Why Conservatives Should Embrace High Gas Prices

Gas prices are once again on the rise in America, and voters and presumptive-GOP nominee Mitt Romney have placed the blame on President Obama . But criticisms of Obama’s energy policies are not only disingenuous, but illogical. High energy prices provide a host of benefits for the U.S. economy that far outweigh the increased hardship of paying more at the pump. They are also driven by conservative policies, not the result of a “liberal” energy agenda.

GOP-supporters have once again invoked the “drill baby drill” mantra of the 2008 campaign as their go-to policy for reducing prices at the pump. But looking at the actual geo-politics and corporate incentives, it is clear that increased domestic drilling is a catch-22. Critics have called on the president to drill domestically to bring down gas prices, but companies will not drill unless gas prices remain high; otherwise it would not be profitable to do so. To support drilling in the U.S., conservatives must also support policies that keep gasoline prices at their current levels, but you’ll never hear that on the campaign trail.

Republican presidential candidates have spoken about thevirtues of free-market economics and consumer choice, so why not actually give choices to consumers when it comes to their energy consumption? Mitt Romney has lambasted President Obama for his failure to promote domestic drilling (in fact, new oil rigs in the U.S. have quadrupled over the past three years) and faults the President’s policies as not listening to American’s demands for gasoline. But even Romney seems to have forgotten that in his 2010 book, “No Apology,” he acknowledged that increases in the cost of energy are market-based incentives that conservatives should embrace, not shun. 

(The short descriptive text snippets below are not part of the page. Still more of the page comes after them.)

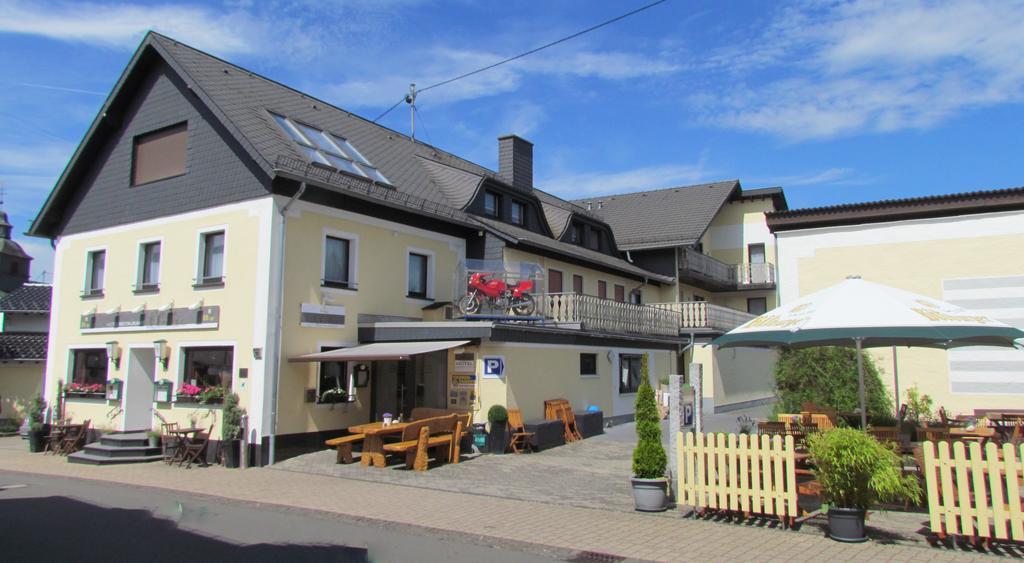 Hotel & Restaurant Huellen Barweiler Exterior foto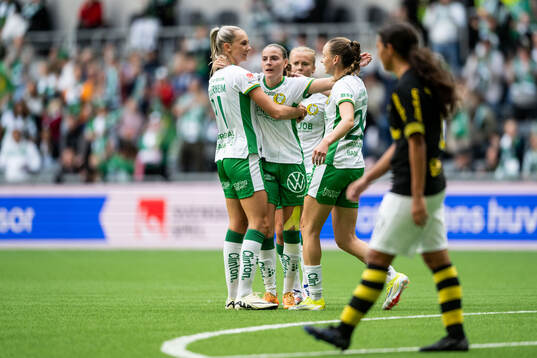 Hammarbys Smilla Vallotto jublar med Ellen Wangerheim och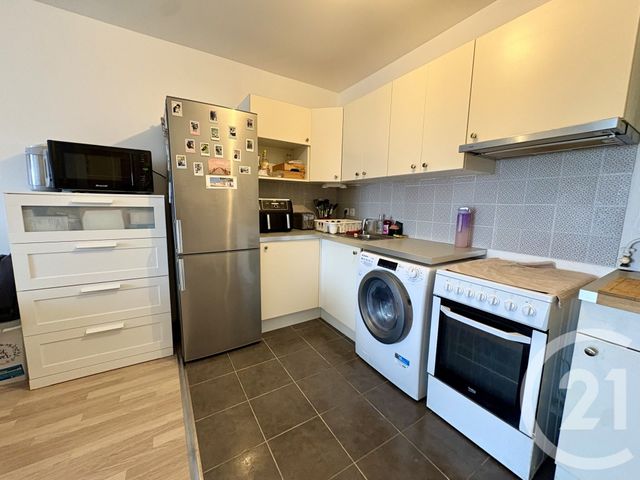 Appartement F2 à vendre - 2 pièces - 44.5 m2 - CHAUCONIN NEUFMONTIERS - 77 - ILE-DE-FRANCE - Century 21 Icm Immobilier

In fact, our oil-driven economy is the epitome of government intervention in the free-market. The oil and gas industry received an estimated $41 billion in federal subsidies in 2011. Without these subsidies, consumers would pay over $12.50 per gallon of gasoline. These prices are not affordable to most Americans and would have prompted a transition to a renewable energy economy decades ago. A true conservative candidate would allow the market to do its job, embrace higher gas prices, and allow consumers the choice to pay exorbitant prices for fossil fuels or embrace clean energy. I’m inclined to think consumers would choose the latter.

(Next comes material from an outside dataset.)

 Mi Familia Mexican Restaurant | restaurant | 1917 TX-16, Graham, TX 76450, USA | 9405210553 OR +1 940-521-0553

And now on to the all-important topic of job creation and the economy. Consider that the United States is now a net exporter of refined petroleum products for the first time since 1949. With this comes a host of benefits to the U.S. economy, including increased manufacturing capabilities, more tax revenue for local governments, a lower trade deficit, and decreased reliance on energy imports from dangerous areas of the world.

American refineries are the cleanest and most efficient in the world, and produce gasoline products that hold positive benefits for the entirety of the American manufacturing industry. Our country’s main net energy export is diesel fuel, leaving gasoline to permeate throughout the economy and leading to an abundant supply of energy for domestic use. More manufacturing means more jobs and a more robust, diversified economy, and ultimately improved manufacturing infrastructure for products such as wind turbines and solar panels. For all the GOP rhetoric surrounding job creation, presidential nominees should be praising Obama’s energy policy for boosting America’s manufacturing sector.

As someone with a strong commitment to addressing climate change and stopping reliance on fossil fuels, it is difficult for me to advocate on behalf of increased fossil fuel consumption in any form. But in a country as large and diverse as ours, we must compromise on federal policy to make any progress. It is simply astounding to see the lack of willingness on the part of our politicians to come out and say that high gas prices are good for this country. This is not a conservative or liberal idea, but a fundamental truth about supply, demand and price. Hopefully soon we will see a comprehensive, bipartisan energy agreement that maps a framework for an oil-free economy. But until then, consumers should stomach the burden of high gas prices and embrace clean energy for the good of all Americans.